DIY RF EMC Biconic Antenna

[piotekp90]

I recently opened up my Tekbox TBMA1 antenna and this is what it looks like inside:

[dazz1]

I recently opened up my Tekbox TBMA1 antenna and this is what it looks like inside:

That is interesting.  It appears to be similar to the Ethernet matching network I rescued from a dead motherboard.  When I tested it, the performance was decidedly mediocre so I started looking for another solution. 
You can see the results of my R&D here:  https://www.eevblog.com/forum/rf-microwave/correctly-calculating-impedance-of-a-biconical-antenna-and-impedance-matching/
My results do not necessarily apply to the Tekbox solution.  That could only be confirmed/denied by testing the Tekbox balun.
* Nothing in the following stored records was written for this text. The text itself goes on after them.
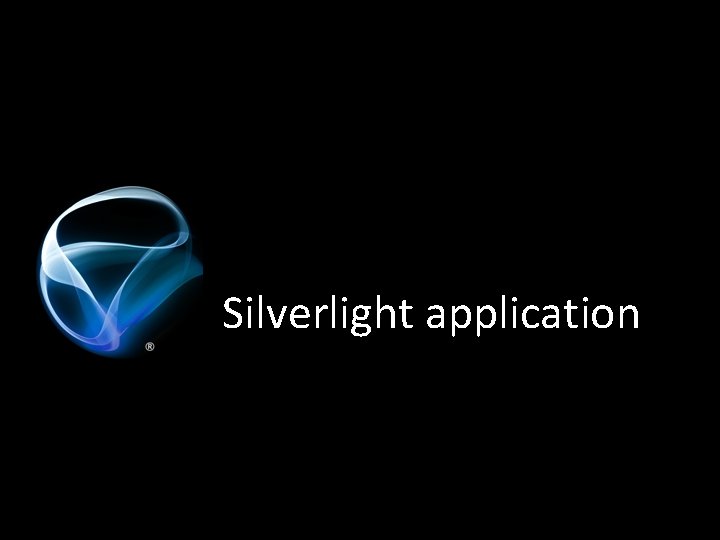 Silverlight application 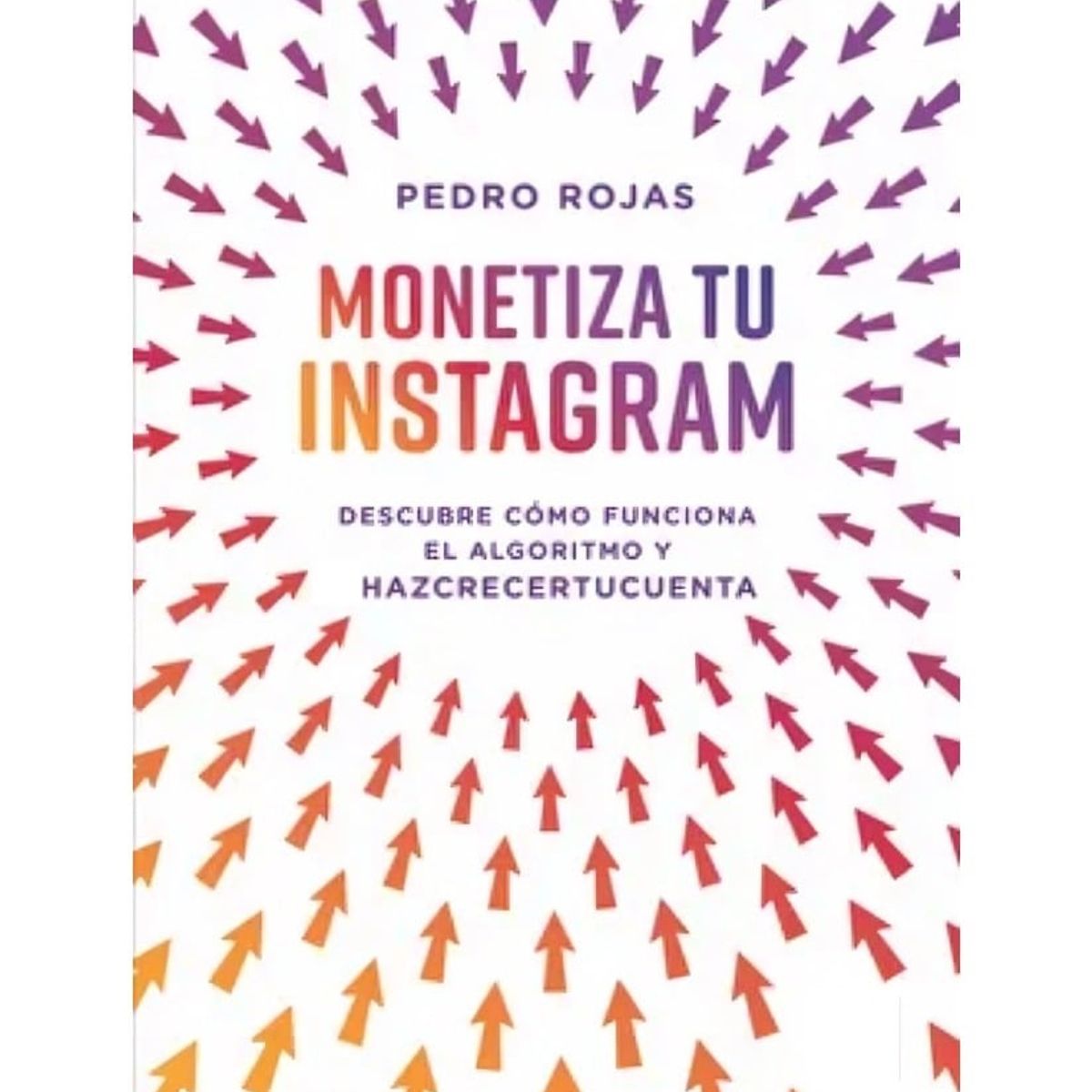 TOP10BOOKS - LIBRO Monetiza Tu redes sociales - Monetiza Tu redes sociales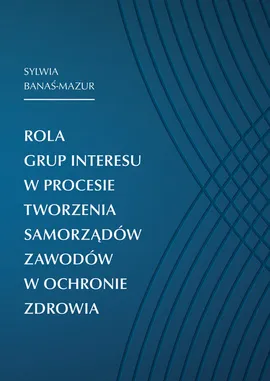 Rola grup interesu w procesie tworzenia samorządów zawodów w ochronie zdrowia - Sylwia Banaś-Mazur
 I took a completely different path.  One of the key problems I had with a twisted pair design is the difficulty in sourcing wire with the required and known insulator properties.  This is needed to obtain the correct impedance.   The problem of impedance matching a twisted pair was compounded by on-line twisted pair impedance calculators that produce the wrong answers.   That is why I switched to using coax cable.

Coax requires physically large toroids.  The combination has a measured -20dB bandwidth of 20MHz to 300MHz. I think that is close to the limit achievable with coax/toroid approach.   I am about to change tack to look at a different coax/ferrite topology.  First I need some parts.

[Kean]

I recently opened up my Tekbox TBMA1 antenna and this is what it looks like inside:

This got me curious, so I took the cover off my Aaronia Bicolog 30100.  https://aaronia.com/en/emv-antenne-bicolog-30100

Unfortunately there isn't much to see without some difficult desoldering which I'm worried could be destructive.
I can't even see the type of conductor used through the ferrites, but they are somewhat compliant.

[T3sl4co1l]

Probably the same basic design:



The twisted pairs are Zo = 100R, two in parallel is 50R at the port.  Notice the far ends are grounded oppositely, making one an inverting 1:1 autoformer, and the other a straight pass-thru (delay).  The latter doesn't need any choking but I had the binoc cores so I figured why not. The former drops the full input voltage so needs choking accordingly.  The output in series is therefore 200R, a reasonable match to the, in this case wire frame bowtie, but bicons are similar of course.

Tim

[dazz1]

Hi
I have formed the view that emc antenna performance is largely defined by the balun, which is also the item with the least info, test data results and possibly the weakest link in antenna design. 

[dazz1]

Hi
It has been a while since I posted on this thread, but I have been working on developing a wide band balun for the bi-conic antenna.  It has been a journey.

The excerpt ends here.